Re: Correctly serializing "Number" as state in ProcessFunction

2021-04-26 Thread Robert Metzger
Quick comment on the kryo type registration and the messages you are
seeing: The messages are expected: What the message is saying is that we
are not serializing the type using Flink's POJO serializer, but we are
falling back to Kryo.
Since you are registering all the instances of Number that you are using
(Integer, Double), you'll get better performance (or at least less CPU
load) with Kryo. So if you want to keep using Kryo, you are doing
everything right (and you generally won't be able to use Flink's POJO
serializer for Number-types).

On Fri, Apr 23, 2021 at 7:07 PM Miguel Araújo 
wrote:

> Thanks for your replies. I agree this is a somewhat general problem.
> I posted it here as I was trying to register the valid subclasses in Kryo
> but I couldn't get the message to go away, i.e., everything worked
> correctly but there was the complaint that GenericType serialization was
> being used.
>
> This is how I was registering these types:
>
> env.getConfig.registerKryoType(classOf[java.lang.Integer])
> env.getConfig.registerKryoType(classOf[java.lang.Double])
>
> and this is the message I got on every event:
>
> flink-task-manager_1  | 2021-04-23 16:48:29.274 [Processor Function 1
> (1/2)#0] INFO  org.apache.flink.api.java.typeutils.TypeExtractor  - No
> fields were detected for class java.lang.Number so it cannot be used as a
> POJO type and must be processed as GenericType. Please read the Flink
> documentation on "Data Types & Serialization" for details of the effect on
> performance.
>
> In the meanwhile, I've changed my approach to reuse a protobuf type I
> already had as part of my input event.
>
> Once again, thanks for your replies because they gave me the right
> perspective.
>
>
>
> Arvid Heise  escreveu no dia quarta, 21/04/2021 à(s)
> 18:26:
>
>> Hi Miguel,
>>
>> as Klemens said this is a rather general problem independent of Flink:
>> How do you map Polymorphism in serialization?
>>
>> Flink doesn't have an answer on its own, as it's discouraged (A Number
>> can have arbitrary many subclasses: how do you distinguish them except by
>> classname? That adds a ton of overhead.). The easiest solution in your case
>> is to convert ints into double.
>> Or you use Kryo which dictionary encodes the classes and also limits the
>> possible subclasses.
>>
>> On Tue, Apr 20, 2021 at 11:13 AM Klemens Muthmann <
>> klemens.muthm...@cyface.de> wrote:
>>
>>> Hi,
>>>
>>> I guess this is more of a Java Problem than a Flink Problem.

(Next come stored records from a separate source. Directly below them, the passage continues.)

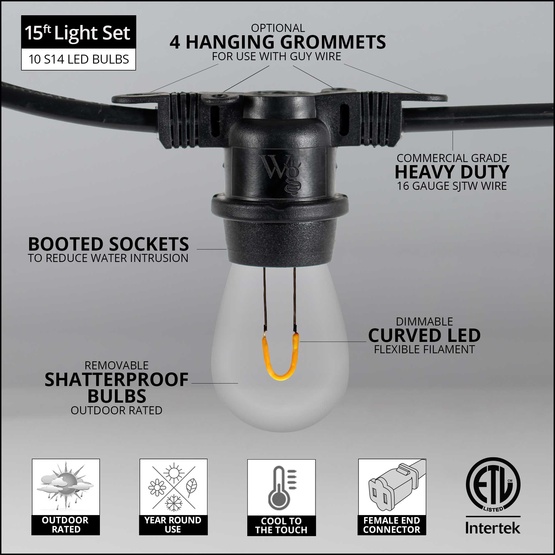 15' S14 Warm White FlexFilament TM LED Shatterproof Patio Lights, Commercial Black Wire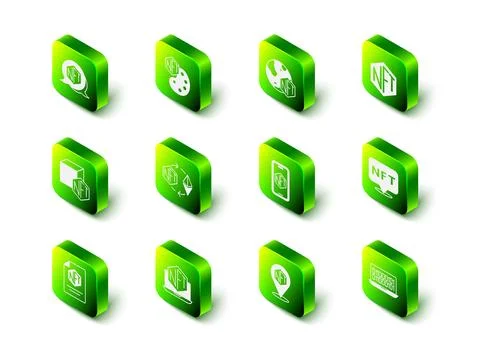 Set NFT Digital crypto art, Binary code, Mobile with store app,  and Laptop.. Stock Illustration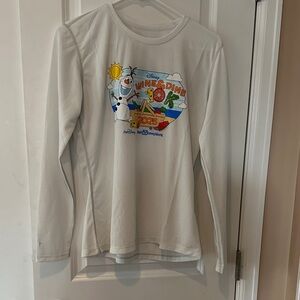 RunDisney White Long Sleeve Tee with Colorful Graphic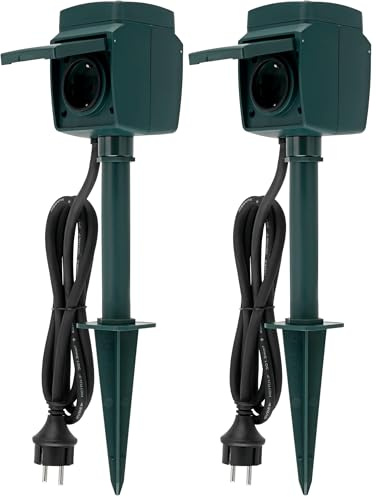 REV Link2Home, WLAN Aussensteckdose 2-fach + Erdspiess, Grün (Packung mit 2)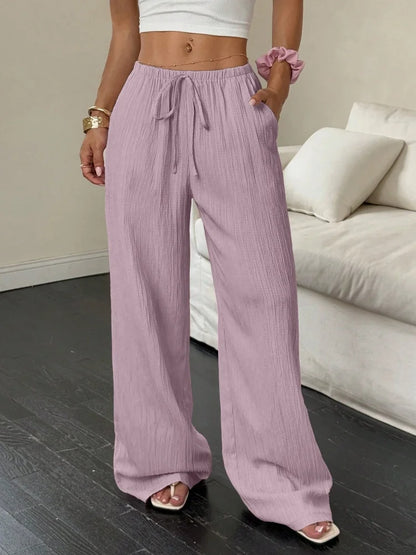 Summer 2025 Women's Casual Solid Color Texture Fabric Waist Belted Side Pocket Wide Leg Pants New Cross-Border Style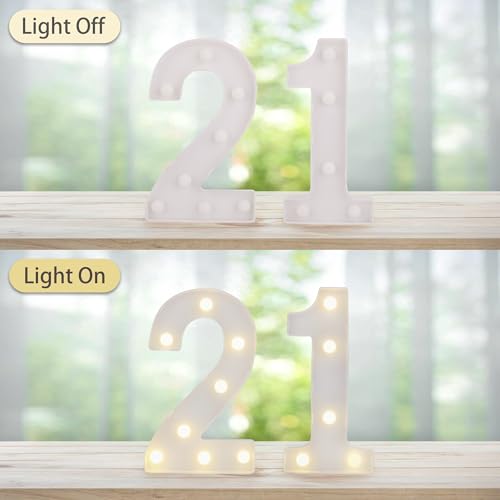 Image of LED Light Up Numbers, Marquee Number Sign for 21st Birthday Decor(21) | Battery Powered LED Lighted Numbers, Marquee Light Up Sign for Birthday Party Centerpieces Home Wall Decor Night Light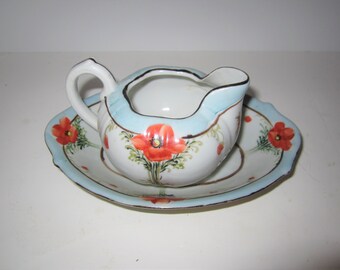 Vintage Ceramic Floral Cream Pitcher with bowl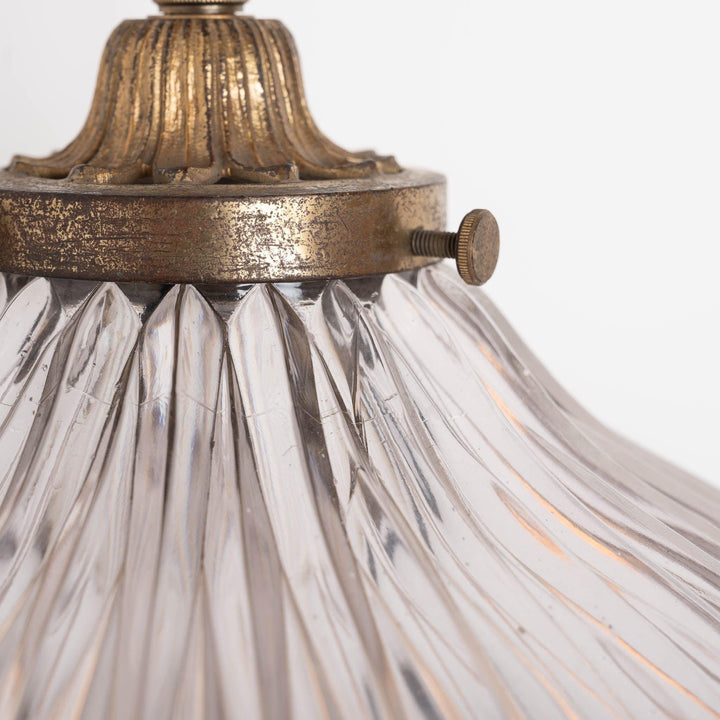 Extra Large Holophane Crystal Bowl Stiletto Pendant Light, Cast Brass Ring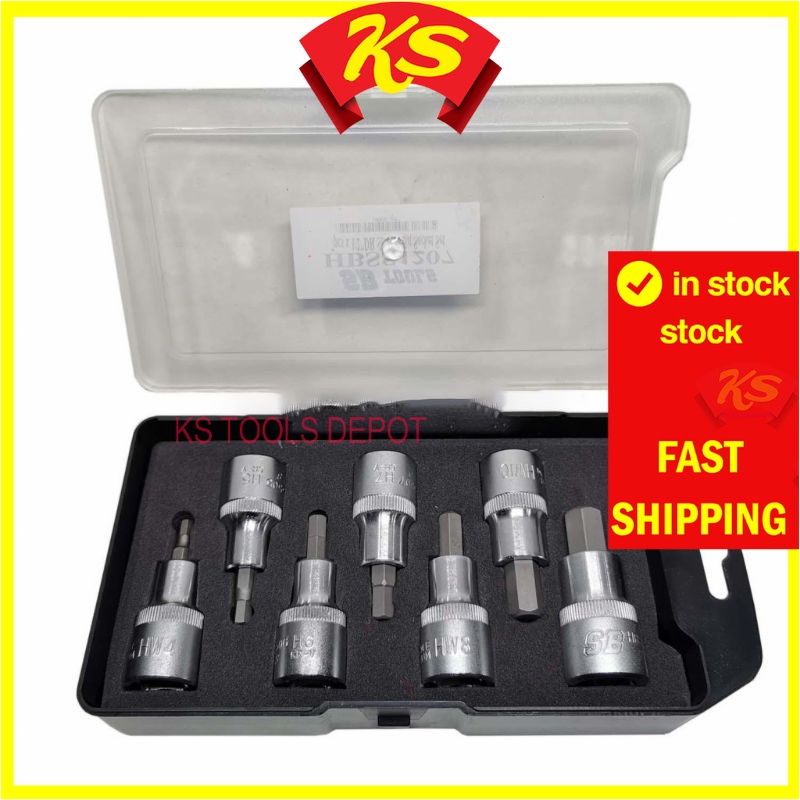 SB Tools 1/2"DR 7Pcs Hex Bit Socket Set H4H12 Shopee Malaysia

If you want
>>> it quick and dirty you could implement a class such as:
>>>
>>> public class Value {
>>> private boolean isLongSet = false;
>>> private long longValue = 0L;
>>> private boolean isIntegerSet = false;
>>> private int intValue = 0;
>>>
>>>public Value(final long value) {
>>>setLong(value);
>>>}
>>>
>>> public void setLong(final long value) |
>>> longValue = value;
>>> isLongSet = true;
>>>}
>>>
>>>public long getLong() {
>>>if(isLongSet) {
>>>return longValue
>>>}
>>>}
>>>
>>>// Add same methods for int
>>>// to satisfy POJO requirements you will also need to add a
>>> no-argument constructor as well as getters and setters for the boolean flags
>>> }
>>>
>>> I guess a cleaner solution would be possible using a custom Kryo
>>> serializer as explained here:
>>> https://ci.apache.org/projects/flink/flink-docs-release-1.12/dev/custom_serializers.html
>>>
>>> Regards
>>>   Klemens
>>>
>>>
>>>
>>> > Am 20.04.2021 um 10:34 schrieb Miguel Araújo <
>>> miguelaraujo...@gmail.com>:
>>> >
>>> > Hi everyone,
>>> >
>>> > I have a ProcessFunction which needs to store different number types
>>> for different keys, e.g., some keys need to store an integer while others
>>> need to store a double.
>>> >
>>> > I tried to use java.lang.Number as the type for the ValueState, but I
>>> got the expected "No fields were detected for class java.lang.Number so it
>>> cannot be used as a POJO type and must be processed as GenericType."
>>> >
>>> > I have the feeling that this is not the right approach, but the exact
>>> type to be stored is only known at runtime which makes things a bit
>>> trickier. Is there a way to register these classes correctly, or Is it
>>> preferable to use different ValueState's for different types?
>>> >
>>> > Thanks,
>>> > Miguel
>>>
>>>


Re: Correctly serializing "Number" as state in ProcessFunction

2021-04-23 Thread Miguel Araújo
Thanks for your replies. I agree this is a somewhat general problem.
I posted it here as I was trying to register the valid subclasses in Kryo
but I couldn't get the message to go away, i.e., everything worked
correctly but there was the complaint that GenericType serialization was
being used.

This is how I was registering these types:

env.getConfig.registerKryoType(classOf[java.lang.Integer])
env.getConfig.registerKryoType(classOf[java.lang.Double])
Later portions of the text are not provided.